Activity:
Images stay out; everything else in the records is to be set down exactly.

Given data:
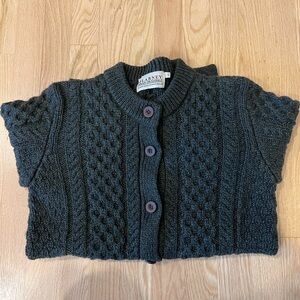 Aran Lumber Cardigan Sweater Green size Small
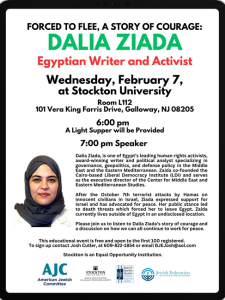 Targeted for Truth: Dalia Ziada Egyptian Liberal Writer and Activist: @ Stockton University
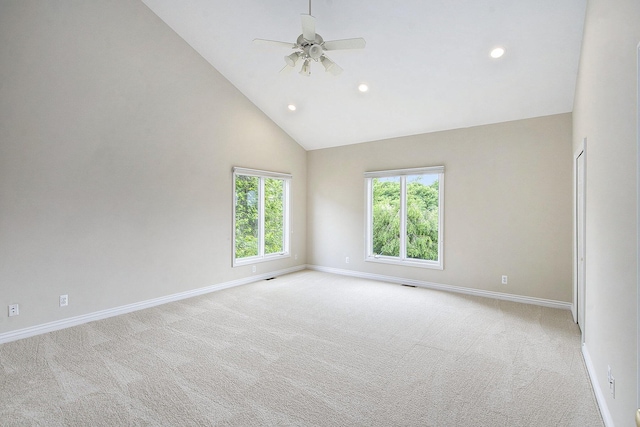 436 Pine Brae St, Ann Arbor, MI 48105 - empty room with high vaulted ceiling, light colored carpet, recessed lighting, and ceiling fan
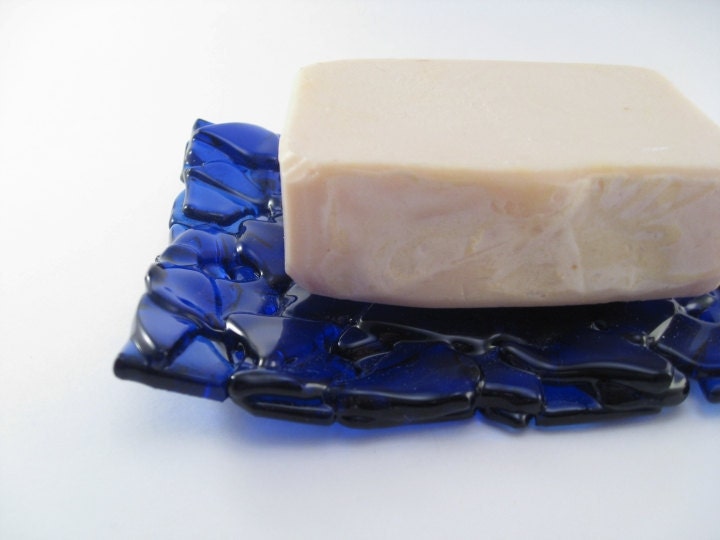 Recycled Glass Soap Dish Cobalt Blue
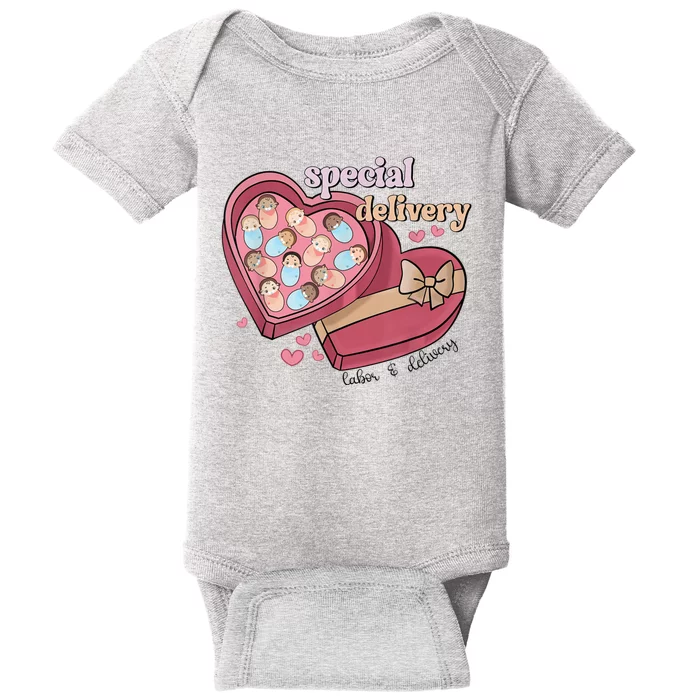 Special Delivery Labor And Delivery Nurse Valentine's Day Baby Bodysuit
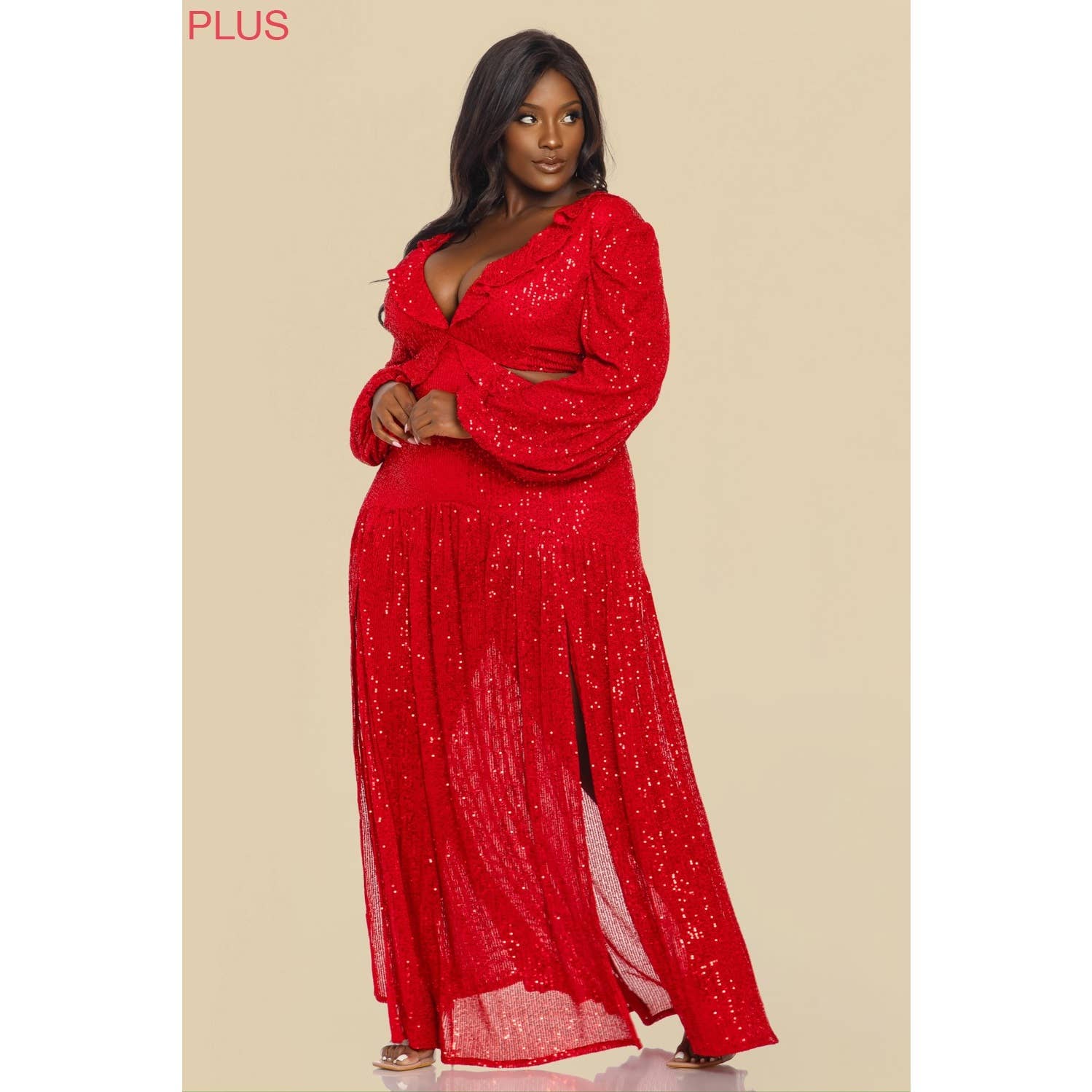 The Sang - Wholesale Dress - Women's - SD381122-P SEQUINS LONG SLEEVE MAXI DRESS PLUS SIZE9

Solution to the problem:
 Aran Lumber Cardigan Sweater Green size Small
 Targeted for Truth: Dalia Ziada Egyptian Liberal Writer and Activist: @ Stockton University
 436 Pine Brae St, Ann Arbor, MI 48105 - empty room with high vaulted ceiling, light colored carpet, recessed lighting, and ceiling fan
 Recycled Glass Soap Dish Cobalt Blue
 Special Delivery Labor And Delivery Nurse Valentine's Day Baby Bodysuit
 The Sang - Wholesale Dress - Women's - SD381122-P SEQUINS LONG SLEEVE MAXI DRESS PLUS SIZE9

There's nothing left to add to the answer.